The p.d.f. is given by
\[
f(\boldsymbol{x}) = \frac{1}{\sqrt{(2\pi)^n \det(\Sigma)}} \exp \Big[-\frac{1}{2}(\boldsymbol{x} - \boldsymbol{\mu})^T \Sigma^{-1} (\boldsymbol{x} -\boldsymbol{\mu}) \Big]. \tag{1}
\]
The expression inside the exponential (ignoring the factor of -\frac{1}{2}) is the squared Mahalanobis distance between
the data vector \(\boldsymbol{x}\) and the mean vector \(\boldsymbol{\mu}\), given by
\[
d_{\Sigma} (\boldsymbol{x}, \boldsymbol{\mu})^2 = (\boldsymbol{x} - \boldsymbol{\mu})^T \Sigma^{-1} (\boldsymbol{x} -\boldsymbol{\mu}).
\]
If \(\boldsymbol{x} \in \mathbb{R}^2\), the MVN is known as the bivariate normal distribution.
In this case,
\[
\begin{align*}
\Sigma &= \begin{bmatrix}
\text{Var } (X_1) & \text{Cov }[X_1, X_2] \\
\text{Cov }[X_2, X_1] & \text{Var } (X_2)
\end{bmatrix} \\\\
&= \begin{bmatrix}
\sigma_1^2 & \rho \sigma_1 \sigma_2 \\
\rho \sigma_1 \sigma_2 & \sigma_2^2
\end{bmatrix} \\\\
\end{align*}
\]
where \(\rho\) is the correlation coefficient defined by
\[
\text{Corr }[X_1, X_2] = \frac{\text{Cov }[X_1, X_2]}{\sqrt{\text{Var }(X_1)\text{Var }(X_2)}}.
\]
Then
\[
\begin{align*}
\det (\Sigma) &= \sigma_1^2 \sigma_2^2 - \rho^2 \sigma_1^2 \sigma_2^2 \\\\
&= \sigma_1^2 \sigma_2^2 (1 - \rho^2)
\end{align*}
\]
and
\[
\begin{align*}
\Sigma^{-1} &= \frac{1}{\det (\Sigma )}
\begin{bmatrix}
\sigma_2^2 & -\rho \sigma_1 \sigma_2 \\
-\rho \sigma_1 \sigma_2 & \sigma_1^2
\end{bmatrix} \\\\
&= \frac{1}{1 - \rho^2}
\begin{bmatrix}
\frac{1}{\sigma_1^2 } & \frac{-\rho} {\sigma_1 \sigma_2} \\
\frac{-\rho} {\sigma_1 \sigma_2} & \frac{1}{\sigma_2^2 }
\end{bmatrix}
\end{align*}
\]
Note that in Expression (1), \((\boldsymbol{x} - \boldsymbol{\mu})^T \Sigma^{-1} (\boldsymbol{x} -\boldsymbol{\mu})\) is a quadratic form. So,
\[
\begin{align*}
(\boldsymbol{x} - \boldsymbol{\mu})^T \Sigma^{-1} (\boldsymbol{x} -\boldsymbol{\mu})
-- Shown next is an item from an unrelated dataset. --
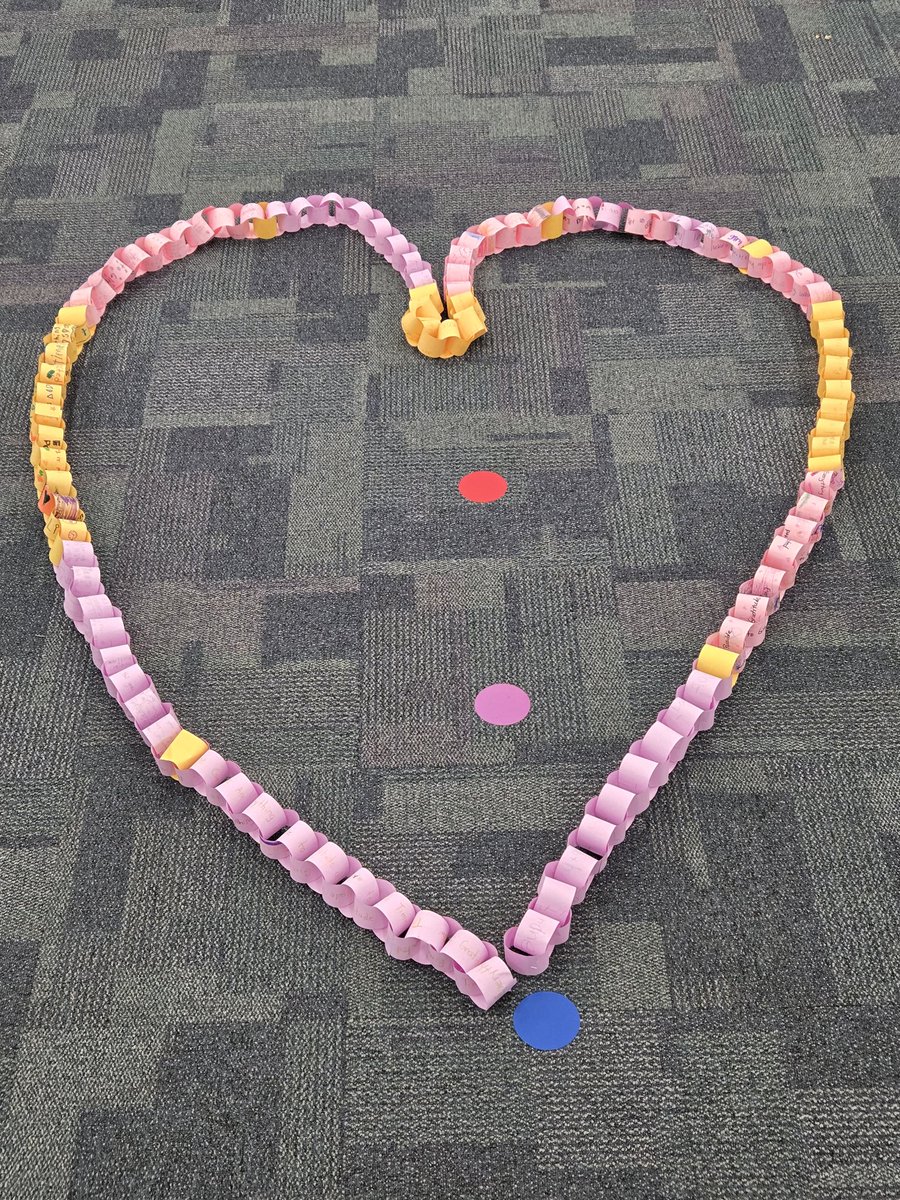 SeffnerElem's tweet photo. Seffner students wrote positive affirmations in strips of paper for the annual Links of Live project in support of Relay for Life events. #relay2026 @HCPSPartnership https://t.co/Vq4BGCwWNT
&= \frac{1}{1 - \rho^2} \begin{bmatrix} X_1 - \mu_1 & X_2 - \mu_2 \end{bmatrix}
\begin{bmatrix}
\frac{1}{\sigma_1^2 } & \frac{-\rho} {\sigma_1 \sigma_2} \\
\frac{-\rho} {\sigma_1 \sigma_2} & \frac{1}{\sigma_2^2 }
\end{bmatrix}
\begin{bmatrix} X_1 - \mu_1 \\ X_2 - \mu_2 \end{bmatrix} \\\\
&= \frac{1}{1 - \rho^2}\Big[\frac{1}{\sigma_1^2 }(X_1 - \mu_1)^2
-\frac{2\rho} {\sigma_1 \sigma_2}(X_1 - \mu_1)(X_2 - \mu_2)
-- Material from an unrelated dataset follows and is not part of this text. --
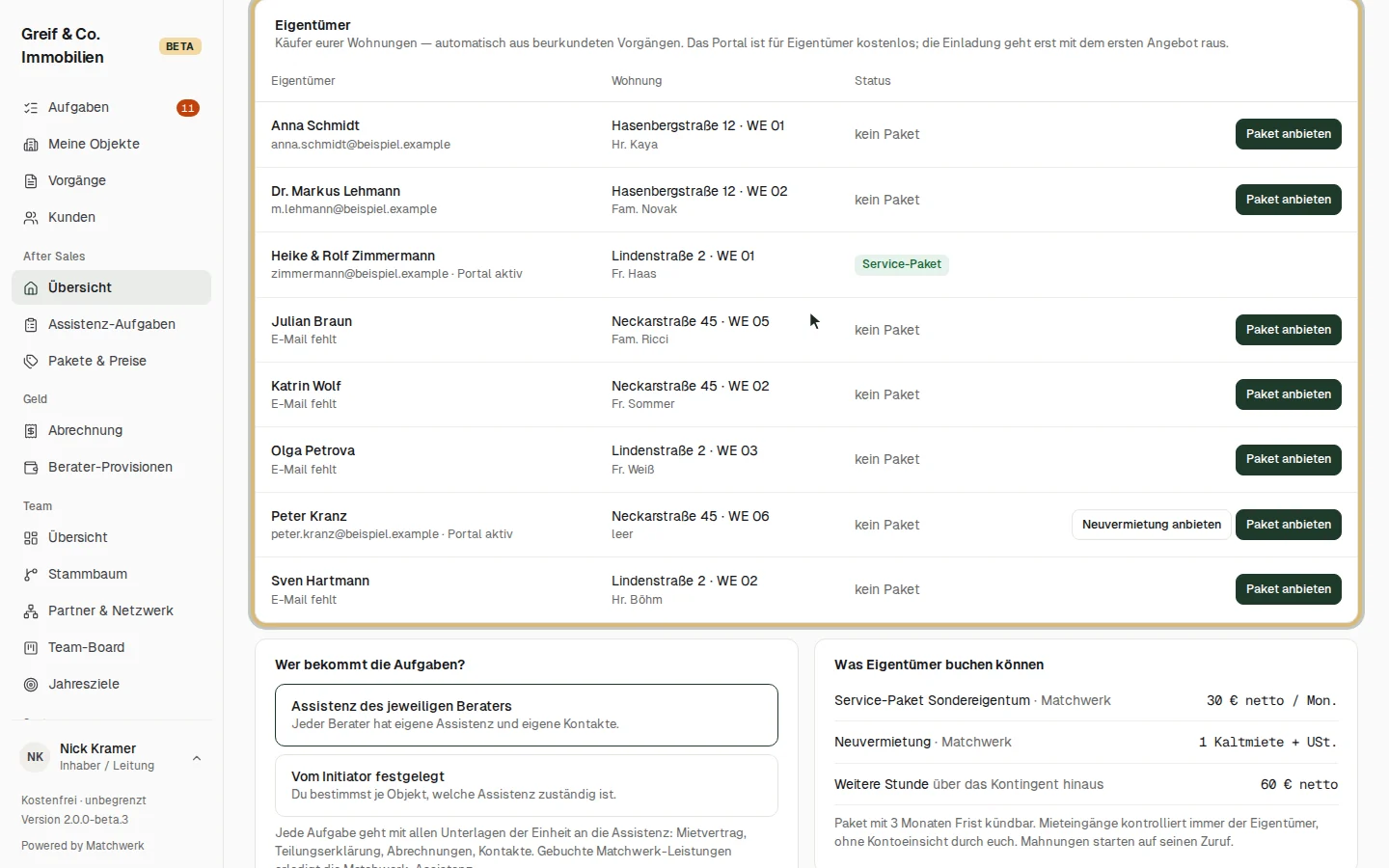 Eigentümer mit Status und Angeboten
+\frac{1}{\sigma_2^2 }(X_2 - \mu_2)^2 \Big].
\end{align*}
\]
Therefore, we obtain the p.d.f for the bivariate normal distribution:
\[
f(\boldsymbol{x}) = \frac{1}{2\pi \sigma_1 \sigma_2 \sqrt{(1 - \rho^2)}}
\exp\Big\{-\frac{1}{2(1 - \rho^2)}
\Big[\Big(\frac{X_1 - \mu_1}{\sigma_1}\Big)^2
-2\rho \Big(\frac{X_1 - \mu_1} {\sigma_1}\Big) \Big(\frac{X_2 - \mu_2} {\sigma_2}\Big)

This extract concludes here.